DIRECTIONS FOR THIS TASK: Copy exactly, beginning with the line holding "Жимолость Волхова синяя: описание" and ending with the final line of the data beneath this task; copy nothing else, and leave out every picture.

DATA LISTING:
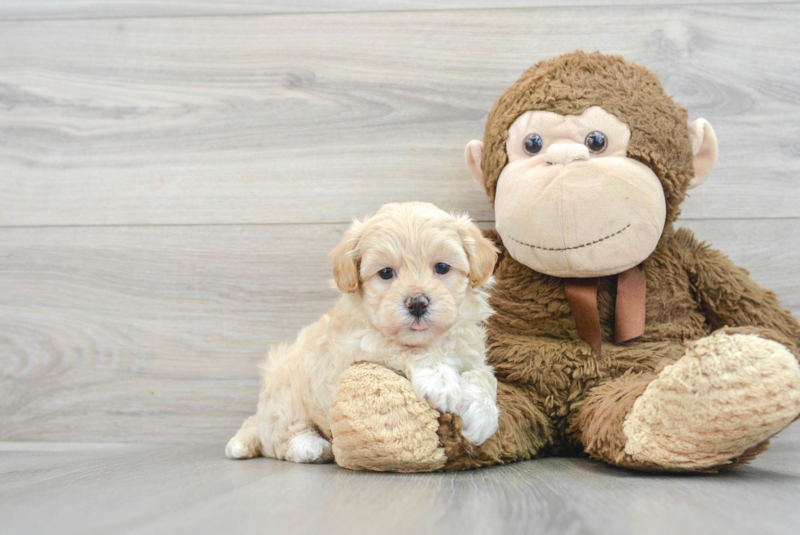 Meet Gracie - our Maltipoo Puppy Photo 1/3 - Lone Star Pups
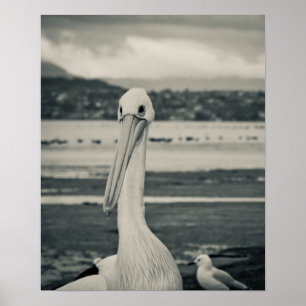 Schwarz-Weiß-Pelican-Foto Poster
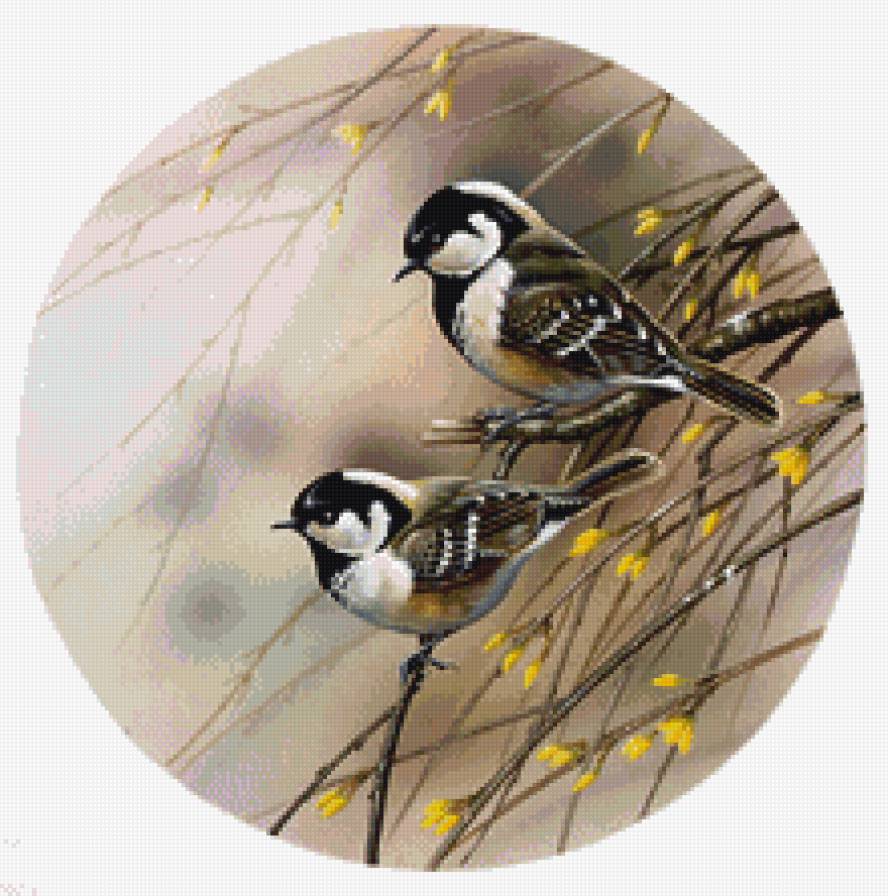 Пернатые - птицы - предпросмотр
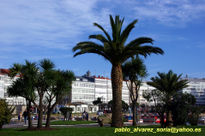 Galerias con palmera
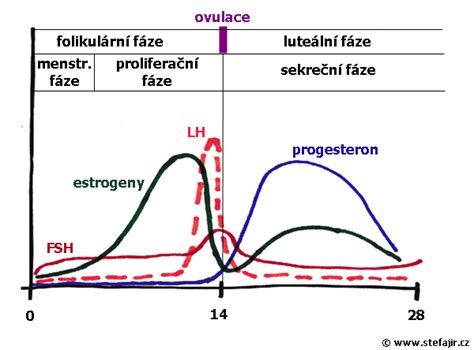 Graf zobrazujúci pokles hladiny estrogénu počas menopauzy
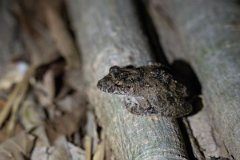 DPP - Pantanal - Scinax acuminatus - D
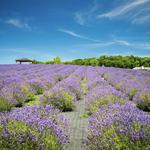 Sunset Ridge Lavender Farm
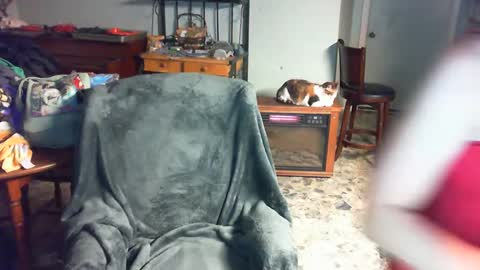 Snapshot of carleyquinn42183 chatting on December 2, 2024, 3:47 am Carley online show from December 2, 2024, 3:47 am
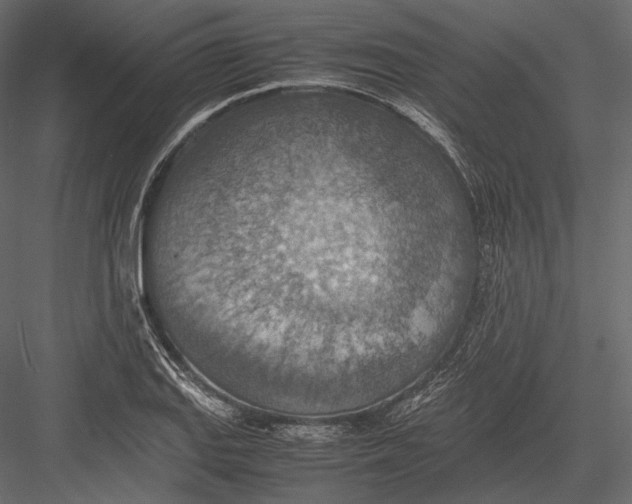 X0000082991127200702230053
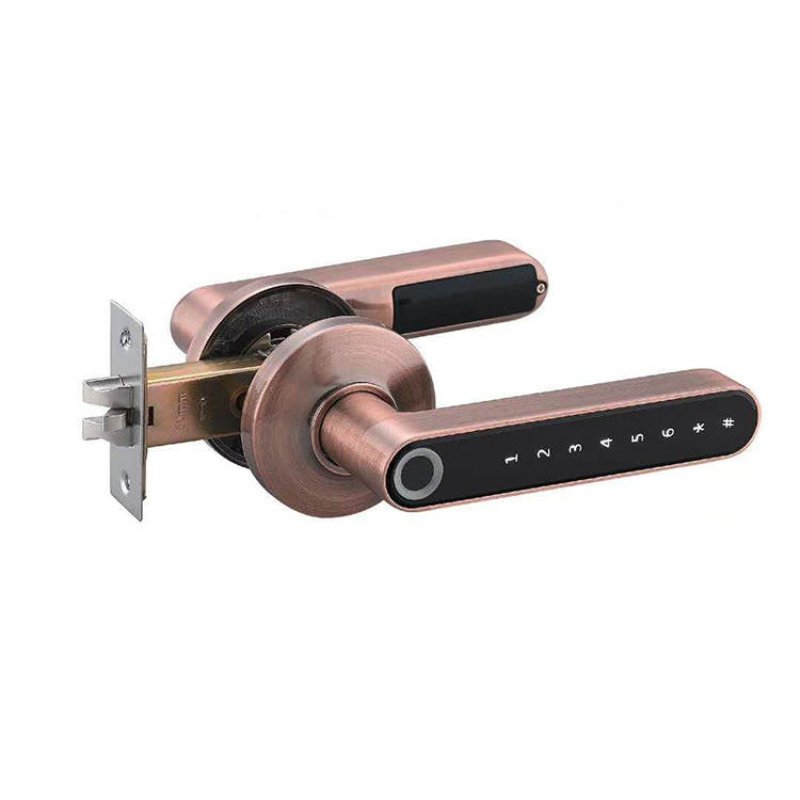 Fingerprint Smart Door Lock - Bronze - -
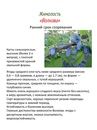 Жимолость Волхова синяя: описание съедобного сорта, какие опылители подойдут, отзывы садоводов о выращивании и вкусовых качествах
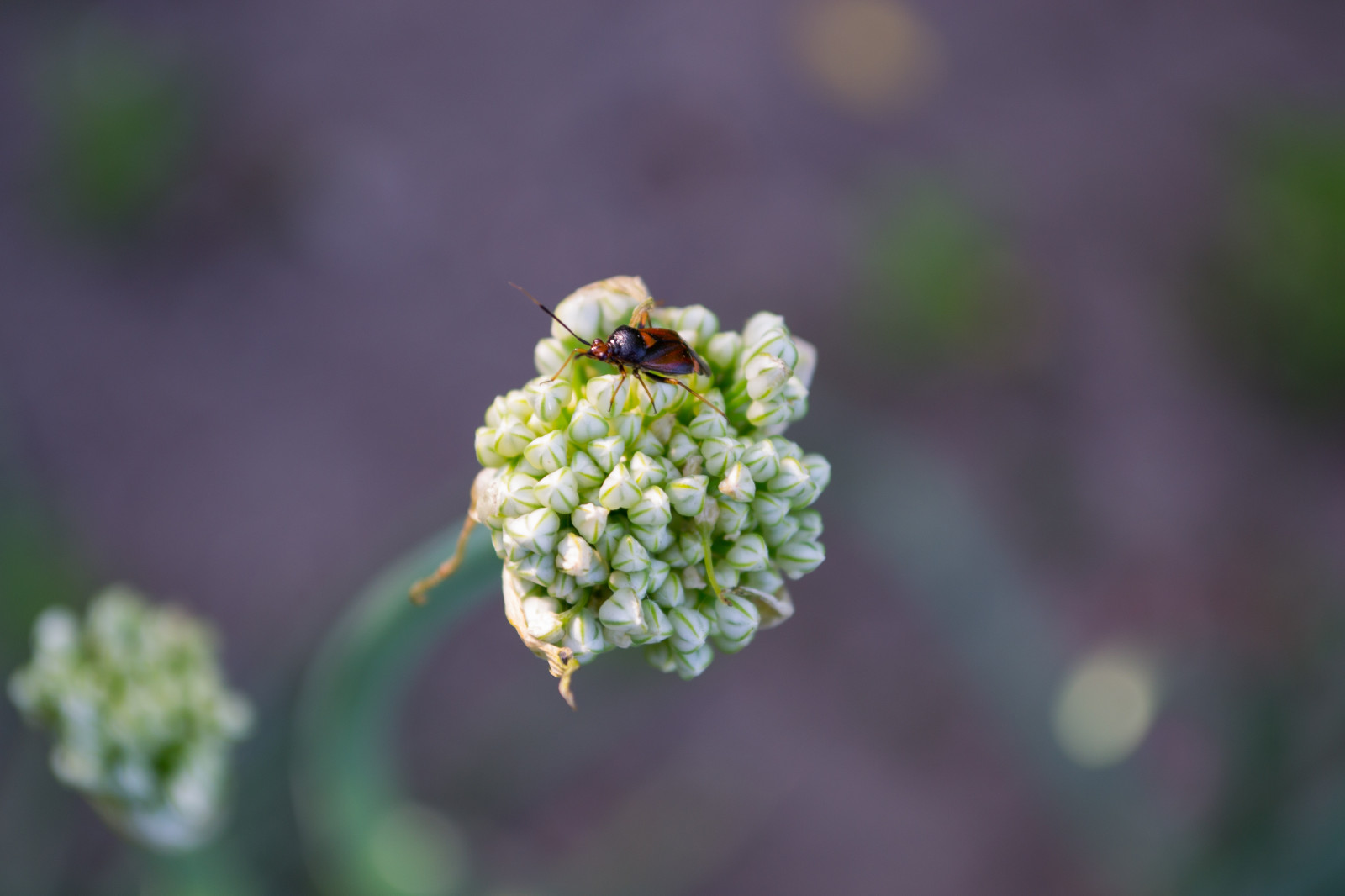 Wallpaper nature, green, pollen, blossom, Beetle, leaf, flower, flora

ANSWER SECTION:
 Жимолость Волхова синяя: описание съедобного сорта, какие опылители подойдут, отзывы садоводов о выращивании и вкусовых качествах
 Wallpaper nature, green, pollen, blossom, Beetle, leaf, flower, flora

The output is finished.